/---

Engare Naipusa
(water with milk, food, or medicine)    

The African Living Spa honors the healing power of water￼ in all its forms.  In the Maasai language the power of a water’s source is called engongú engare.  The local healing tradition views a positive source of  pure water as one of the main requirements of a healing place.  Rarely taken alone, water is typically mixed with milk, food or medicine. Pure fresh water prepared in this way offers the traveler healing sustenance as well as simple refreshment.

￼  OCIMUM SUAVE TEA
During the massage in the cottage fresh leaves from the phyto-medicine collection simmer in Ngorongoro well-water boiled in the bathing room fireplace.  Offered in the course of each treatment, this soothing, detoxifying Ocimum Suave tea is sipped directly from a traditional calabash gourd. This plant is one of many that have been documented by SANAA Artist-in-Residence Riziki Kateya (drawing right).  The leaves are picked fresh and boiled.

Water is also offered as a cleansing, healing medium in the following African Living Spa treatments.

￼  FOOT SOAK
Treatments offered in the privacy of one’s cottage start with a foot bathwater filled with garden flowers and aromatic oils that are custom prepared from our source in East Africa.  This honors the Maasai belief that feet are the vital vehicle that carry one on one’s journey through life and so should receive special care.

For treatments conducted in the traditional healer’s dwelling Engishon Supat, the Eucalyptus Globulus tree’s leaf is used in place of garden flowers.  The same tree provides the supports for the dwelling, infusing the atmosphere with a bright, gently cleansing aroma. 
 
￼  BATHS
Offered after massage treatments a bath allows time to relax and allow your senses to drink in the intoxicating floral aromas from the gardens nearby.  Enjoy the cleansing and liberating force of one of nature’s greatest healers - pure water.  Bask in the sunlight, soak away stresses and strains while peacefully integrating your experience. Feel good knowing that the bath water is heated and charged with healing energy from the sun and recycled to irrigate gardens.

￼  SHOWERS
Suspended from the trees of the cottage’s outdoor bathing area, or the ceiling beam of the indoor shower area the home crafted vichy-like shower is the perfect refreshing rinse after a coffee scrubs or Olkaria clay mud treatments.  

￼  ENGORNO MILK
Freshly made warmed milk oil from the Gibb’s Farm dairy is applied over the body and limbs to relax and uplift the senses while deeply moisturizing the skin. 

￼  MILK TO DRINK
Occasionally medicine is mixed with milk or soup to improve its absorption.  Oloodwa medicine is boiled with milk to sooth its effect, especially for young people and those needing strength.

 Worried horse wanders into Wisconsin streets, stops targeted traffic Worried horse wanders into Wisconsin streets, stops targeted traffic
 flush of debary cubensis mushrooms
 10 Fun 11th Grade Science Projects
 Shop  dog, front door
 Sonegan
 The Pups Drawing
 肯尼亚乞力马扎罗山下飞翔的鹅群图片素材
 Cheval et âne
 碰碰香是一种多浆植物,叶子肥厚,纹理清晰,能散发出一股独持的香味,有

\---

_TASK STATEMENT:_
From the listing above, work out how many lines hold "boiled". The answer is the number and nothing more.

_OUTPUT FOR THIS TASK:_
2